The headmaster tells Trevor to search the studies in Dexter's House for hidden tobacco. While searching with his friend Clowes, they find the missing gold bat in a drawer in the study of Ruthven, who admits that he was blackmailed by Rand-Brown to form the League with him. Trevor intends to settle his feud with Rand-Brown with a fight, but O'Hara, who is a boxer, knows Trevor does not know how to fight and arranges a boxing match between himself and Rand-Brown before Trevor gets a chance. Moriarty goes as O'Hara's second. The fight takes place by one of the fives-courts, and Renford, coming upon the fight while on his way to feed the ferrets, agrees to keep time. O'Hara wins the fight, and it is also revealed that Rand-Brown is leaving the school since he was one of the students caught smoking. Political protesters repeat the tarring and feathering of Briggs's statue, apparently inspired by O'Hara and Moriarty's initiative. Sir Eustace Briggs was suspicious of the school's students after hearing that a tiny gold bat was found near the statue, and given to a student who claimed it was his property, but now thinks the protesters tarred and feathered the statue the first time too. Trevor also denies to Sir Eustace Briggs that it was his bat. Choosing his words carefully, he claims that his bat had been in a drawer nearly all the term.

==Characters==

- Trevor, a school prefect and head of Donaldson's House, member of the First Eleven and captain of the First Fifteen, also appears in The White Feather, Mike, "The Reformation of Study Sixteen", and "The Last Place"
- Clowes, a close friend of Trevor in Donaldson's, also appears The White Feather, Mike, "The Reformation of Study Sixteen", and "The Last Place"
- O'Hara, an Irish student and light-weight boxer in Dexter's House, also appears in The White Feather, "Jackson's Extra", and "The Deserter"
- Moriarty, another Irish student in Dexter's who is also a boxer
- Rand-Brown, a member of Seymour's House and the school's Second Fifteen rugby football team who wants to be in the First Fifteen
- Barry, an enthusiastic rugby player initially in the Third Fifteen, shares a study with his friend M'Todd in Seymour's, also appears in The White Feather and "An Affair of Boats"
- Renford, a fourteen-year-old member of Seymour's House who is Milton's fag and looks after two ferrets with Harvey, also appears in The White Feather and "An Affair of Boats"
- Harvey, a member of Seymour's who keeps a pair of ferrets named Sir Nigel and Sherlock Holmes with help from his friend Renford
- Leather-Twigg, known as "Shoeblossom", an unpredictable troublemaker in Seymour's, also appears in Mike and "An Affair of Boats"
- Ruthven, a member of Dexter's who is an acquaintance of Trevor but disliked by Clowes, also appears in "An International Affair"
- Mill, an unpopular prefect in Seymour's, also appears in "An Affair of Boats"
- Milton, the head of Seymour's, also appears in "The Last Place" and "The Politeness of Princes"
- Sir Eustace Briggs, the pompous mayor of the nearby town of Wrykyn

==Publication history==
The story was serialised in The Captain in six parts from October 1903 to March 1904, with illustrations by T. M. R. Whitwell.

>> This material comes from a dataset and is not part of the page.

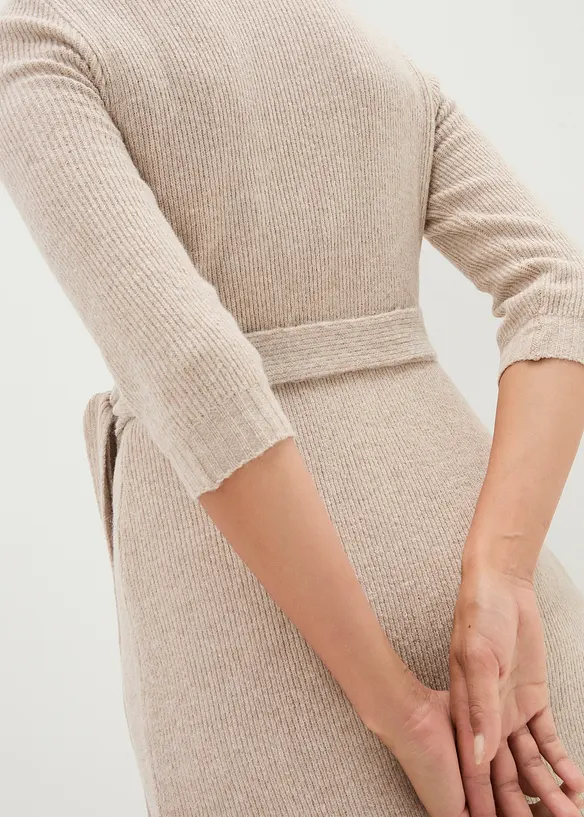 Extra mjuk stickad mamma-/amningsklänning med 3/4-ärm, bonprix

The novel is dedicated "To That Prince of Slackers, Herbert Westbrook". The first edition of the book included eight of the illustrations by T. M. R. Whitwell from the serial. The American edition was issued by Macmillan, New York, from imported sheets in 1923.

Under the title By Order of the League!, the story was serialised in the magazine The Boys' Friend (UK) from January to February in 1923.

It was included in The Gold Bat and Other Stories, a collection of three school novels by Wodehouse published by Penguin Books in March 1986. The book also includes The Head of Kay's and The White Feather.